El anuncio ocurre en un contexto de presión internacional: fuentes oficiales estadounidenses indicaron que Washington desplegó 4.000 agentes, en su mayoría infantes de Marina, en aguas del Caribe para combatir a los carteles del narcotráfico, reforzando la presencia con aviones, barcos y lanzamisiles, según reportes de CNN.
El aumento de la recompensa responde a recientes acciones de Estados Unidos, entre ellas la incautación de US$ 700 millones en bienes vinculados a Maduro, a quien se le relaciona con organizaciones criminales como el Tren de Aragua, el Cartel de Sinaloa y el Cartel de los Soles.

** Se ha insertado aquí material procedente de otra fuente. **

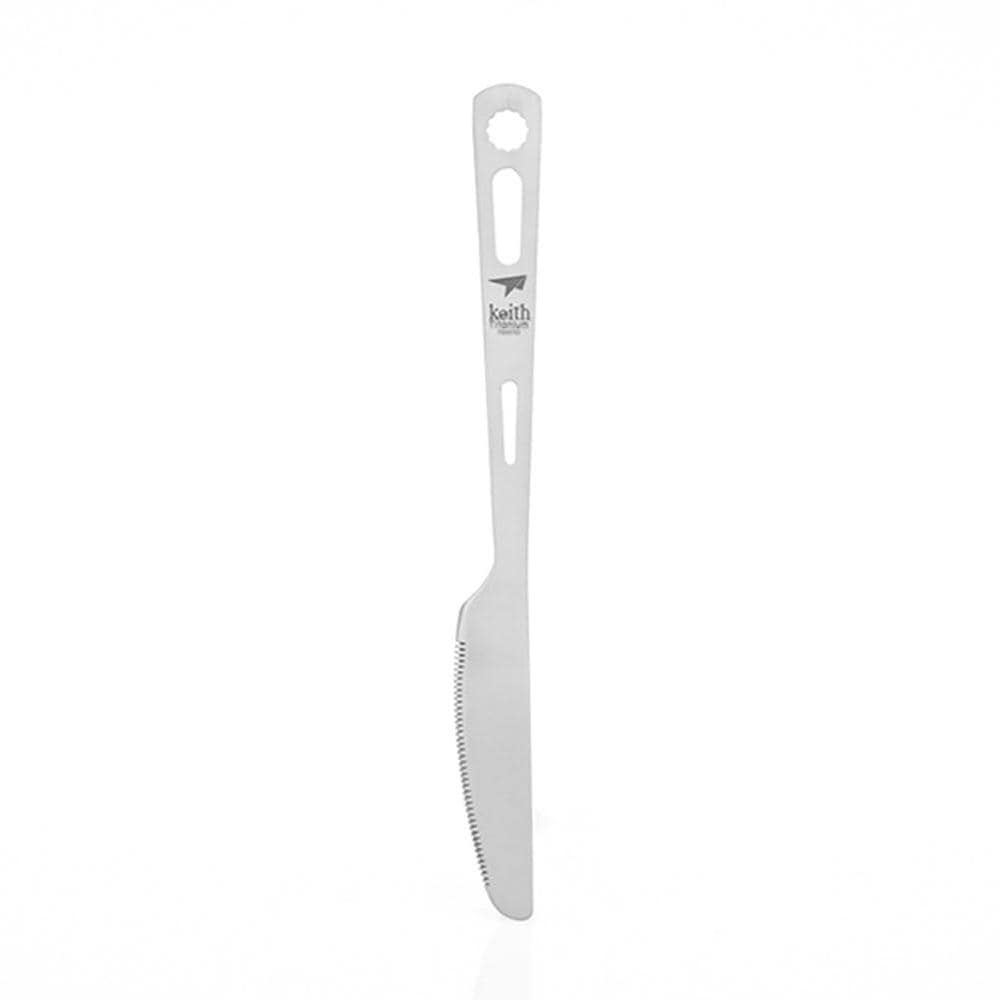 Keith 3-Piece Titanium Cutlery Set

La fiscal federal Pam Bondi señaló que Maduro constituye “uno de los narcotraficantes más grandes del mundo y una amenaza para nuestra seguridad nacional”.
Bondi indicó que la DEA ha incautado 30 toneladas de cocaína vinculadas a Maduro y sus colaboradores, casi siete toneladas directamente asociadas al mandatario, y destacó que estas redes también se utilizan para el ingreso de fentanilo a Estados Unidos, un opioide que ha generado una grave crisis de salud en ese país.
Maduro, por su parte, calificó la acción estadounidense como “patética y ridícula propaganda” y denunció la supuesta intervención de actores externos, mencionando a la Fundación Rosa Luxemburgo de Alemania, a la que acusó de financiar operaciones de sabotaje interno disfrazadas de actividades de izquierda.
Este despliegue marca un nuevo capítulo en la confrontación entre Venezuela y Estados Unidos, donde la presión internacional se traduce en medidas económicas y de seguridad que impactan tanto en la política interna como en la percepción del país ante inversionistas y actores económicos regionales.